UCHS Awardee Acceptance Speech

by Aaron Wunsch

Read by Aaron Wuncsh at the UCHS Annual Awards, February 19th, 2023

The Progressive-era novelist Owen Wister knew whereof he wrote. Famed for
romanticizing the West, he saw the East more clearly and, when it came to his
native Philadelphia, familiarity sometimes bred contempt. In Romney (written
1912-1915, published 2001), Wister’s great unfinished work, he explains the
mindset of a thinly disguised “Monopolis” this way:

And Other New Works About Philadelphia By Owen Wister

“We keep on the safe side.” The habit, in the end, becomes dangerous.

And so, by mid nineteenth-century, toleration had degenerated into
acquiescence… It spread from the men of the broad-brimmed hats to
the world’s people who did business with them, undoubtedly assisted
by the climate… In town, all was well with the bank account… Why
quarrel with the gas, or the paving, or the drainage? Why examine too
closely into somebody’s profits in a municipal contract? You might
make enemies. These might hurt your business. Be moderate.

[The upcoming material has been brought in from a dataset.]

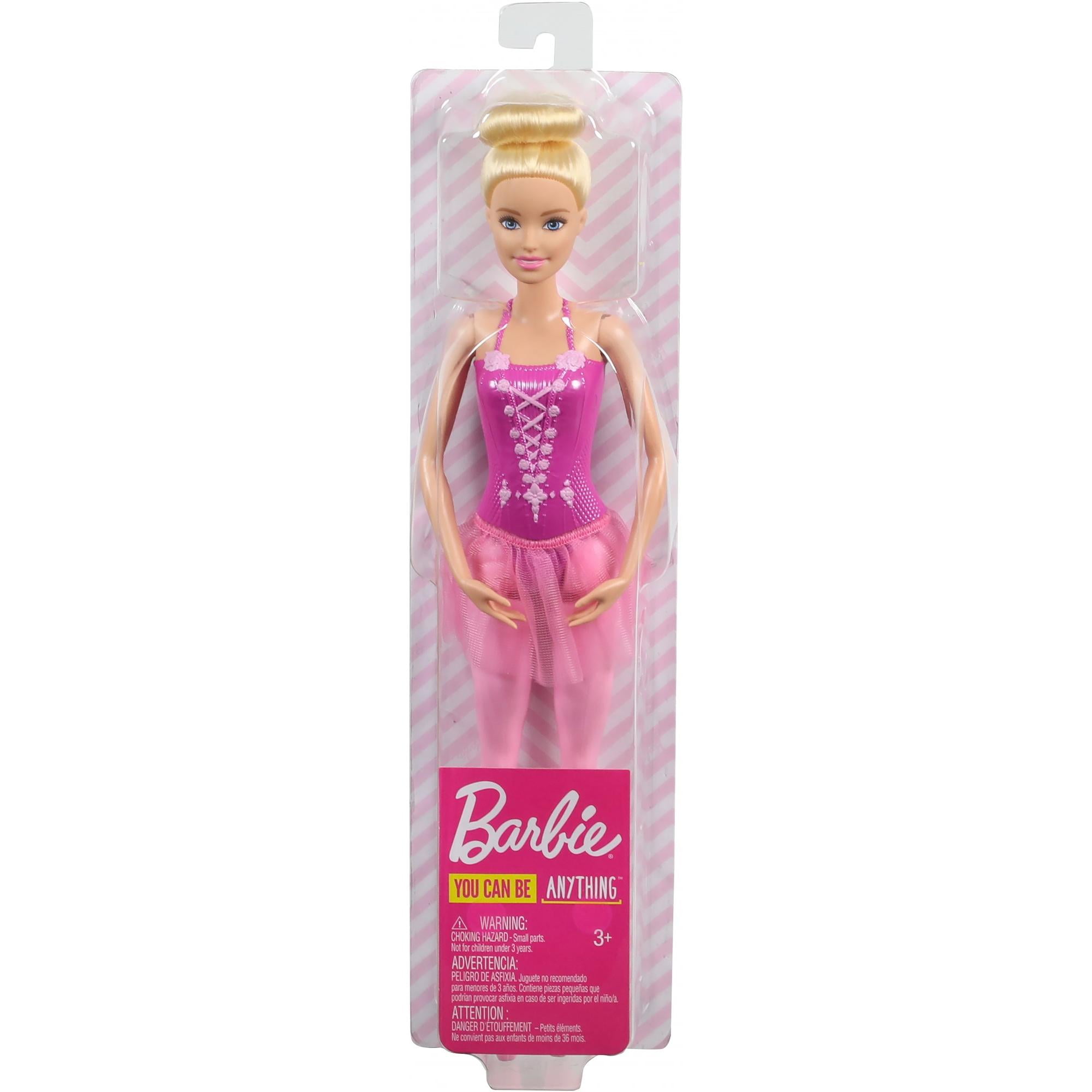 Barbie Career Ballerina Doll with Tutu and Sculpted Toe Shoes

Thus grew Monopolis from a village to a large city full of big
buildings, good institutions, and comfortable citizens; hospitable,
agreeable, well-mannered and well fed; some going to Meeting and
some to dances; few of them large-spirited, most of them too careful
with their purses – which might open readily to pay for green-turtle
soup, but got lockjaw in the presence of any enlightened public
appeal; and all keeping on the Safe Side (p. 27).

Does Wister’s Monopolis sound familiar a century out? I tend to think so, and I’m
here to thank those of you who have committed yourselves to doing something
about it in the arena of historic preservation. The program in which I teach has the
sometimes-dubious honor of perpetuating a species known as the “preservation
professional.” Its members tend to be well-versed in the technical and procedural
aspects of their field, and some even care about history. Along the way, though,
many absorb the conviction that passion and idealism are luxuries they can’t
afford. Be moderate, they say – as much to themselves as to others.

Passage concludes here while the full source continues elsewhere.